In order to be able to find an antiderivative, I have been taught to decompose fractions by first observing an identity, like $$\frac{2x+1}{(3x-2)(x+1)} \equiv \frac{A}{3x-2}+\frac{B}{x+1}$$ wherever the function is defined.
Then I would expand and substitute, like so: $$A(x+1)+B(3x-2) \equiv 2x+1$$ letting $x=-1$: $$-5B=-1 \implies B=\frac{1}{5}$$ and then letting $x=\frac{2}{3}$: $$\frac{5}{3}A=\frac{7}{3} \implies A= \frac{7}{5}$$
Why are these substitutions justified? In both cases the original function is undefined for these $x$ values as the denominator would be zero - does this mean my claim "wherever the function is defined" is unnecessary? I can't see why this gives the right answer, but it does (as I can verify by matching coefficients instead of substituting)!
This is indeed an identity in $x$ and therefore is true for all valid values of $x$:
$$\frac{2x+1}{(3x-2)(x+1)} = \frac{A}{3x-2}+\frac{B}{x+1}$$
No, your use of "wherever the function is defined" is not unnecessary.
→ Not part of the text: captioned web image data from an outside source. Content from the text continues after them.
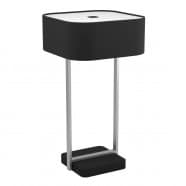 Eglo 39969 Настольная лампа SAVAZZA, 2x40W, E27, L290, B290, H535, основание: B180, T180, сталь, черный, серебряный/текстиль, пластик, черный, белый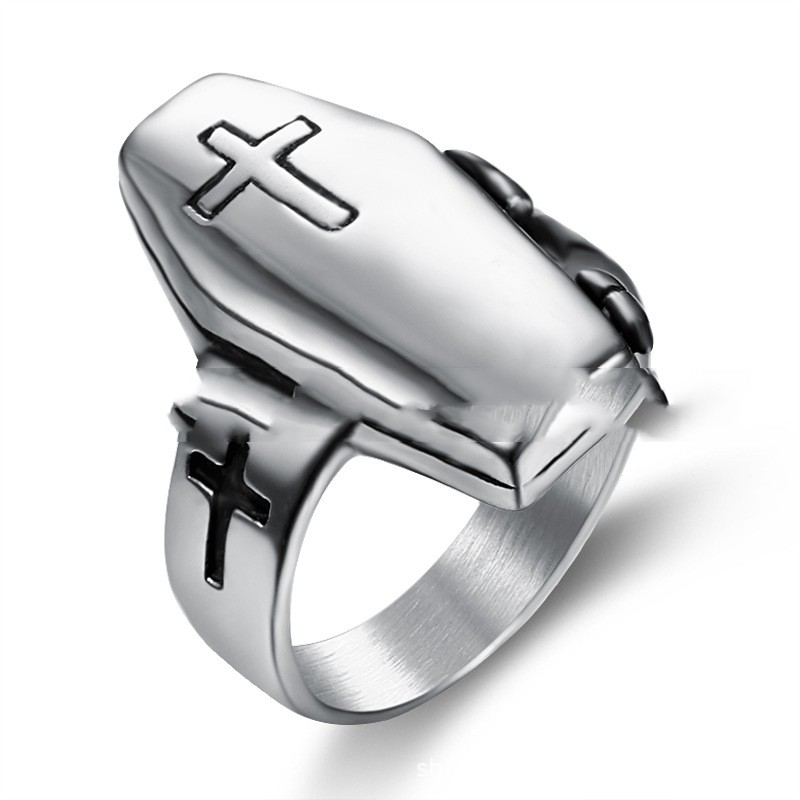 Retro Zombie Coffin Cross Ring - Image 1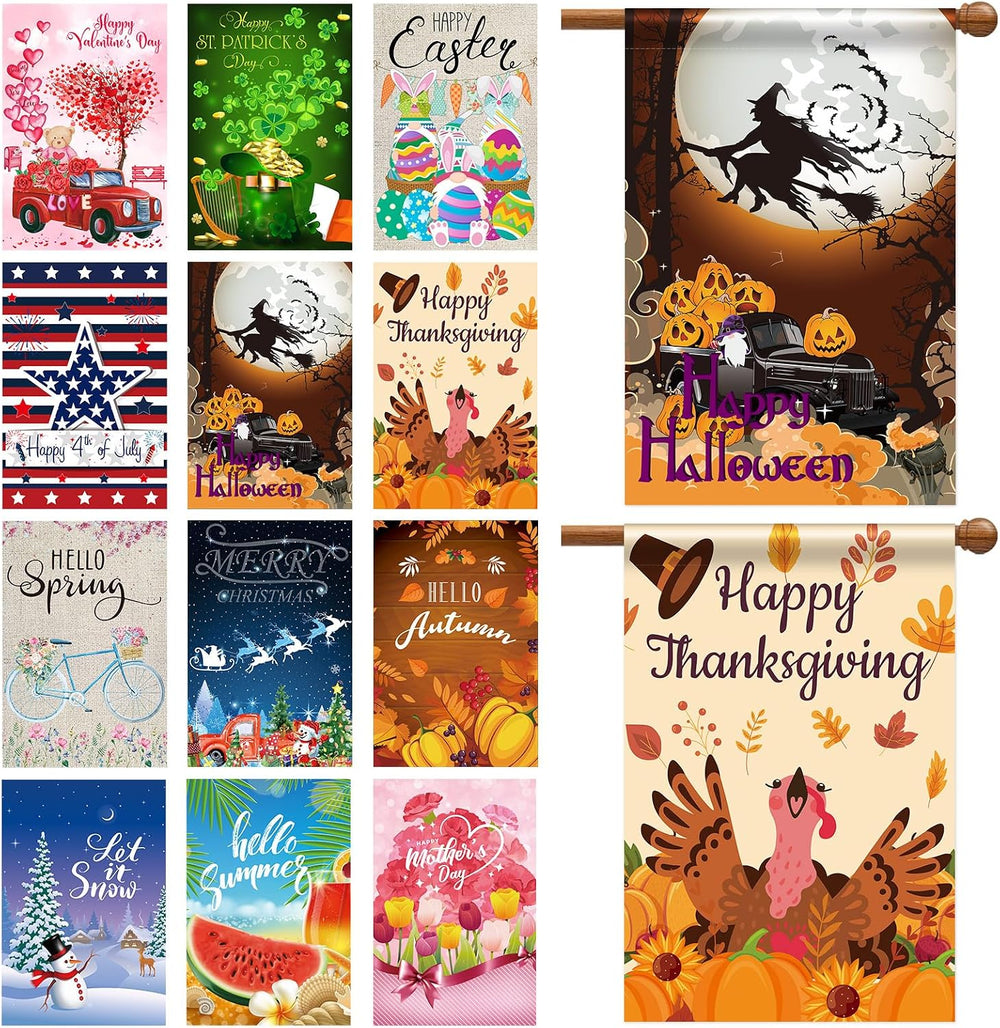12 Pack Seasonal Yard Flags 28x40 in Double Sided Fall Holiday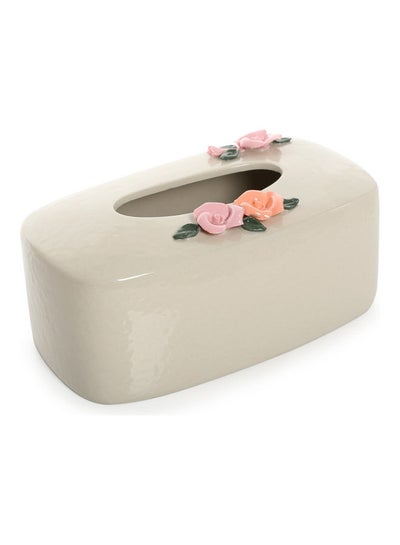 Buy Earthenware Floral Ceramic Tissue Box White 25.5 x 13.5 x 10cm in UAE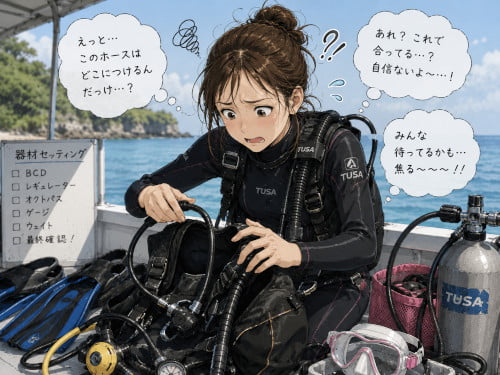ダイビング器材のセッティングを思い出せず焦っているブランク女性ダイバー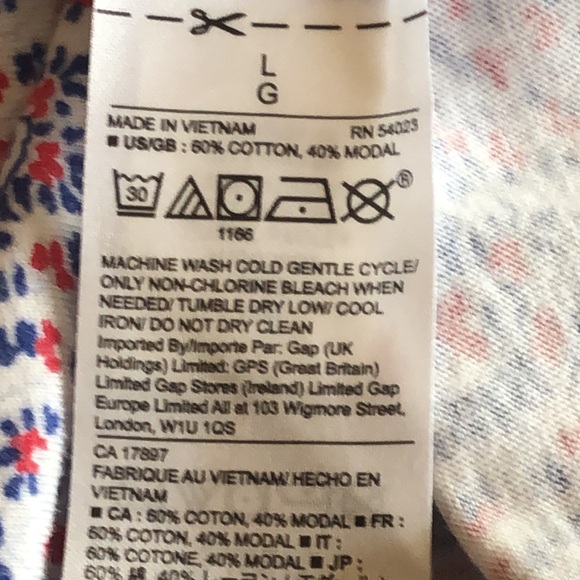 Gap Favorite Floral Paisley tee size L - Picture 6 of 6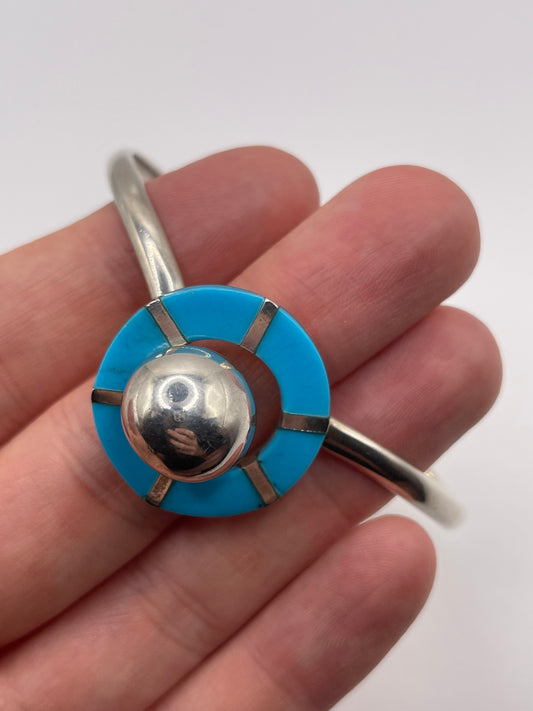 Silver turquoise bangle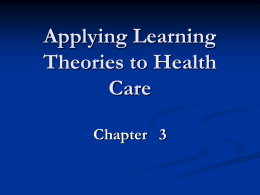 Applying learning theories to health education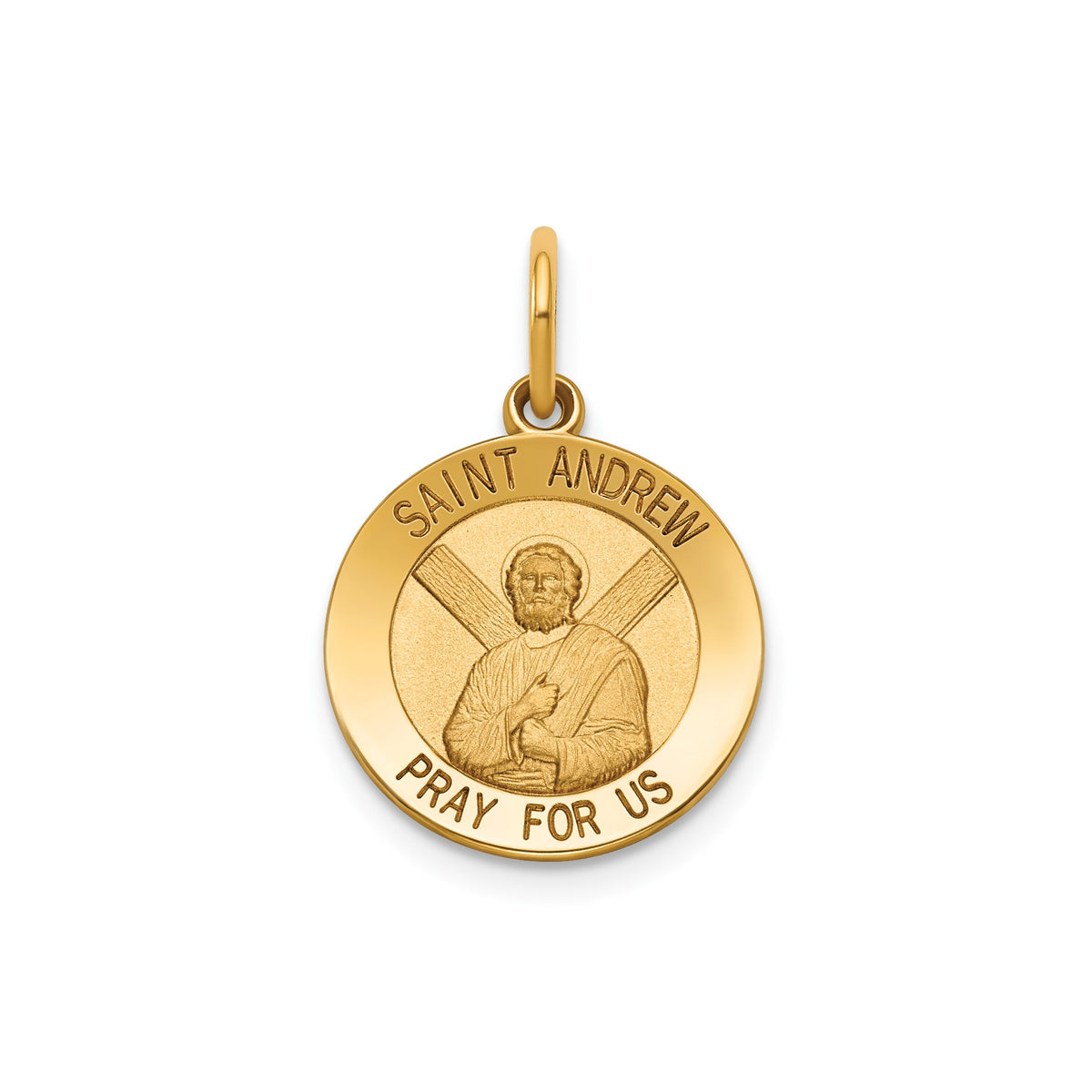 Round St. Andrew Medal in 14K Yellow Gold, 14.5mm - Sophia Jewelers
But note that this also is an identity in $x$ and therefore is true for all valid values of $x$:
$$A(x+1) + B(3x-2) = 2x + 1$$
But this last line has no restrictions on what $x$ can be. Why is this also an identity? Because we obtained it by performing a valid operation (multiplying both sides by the same thing) to an identity in $x$.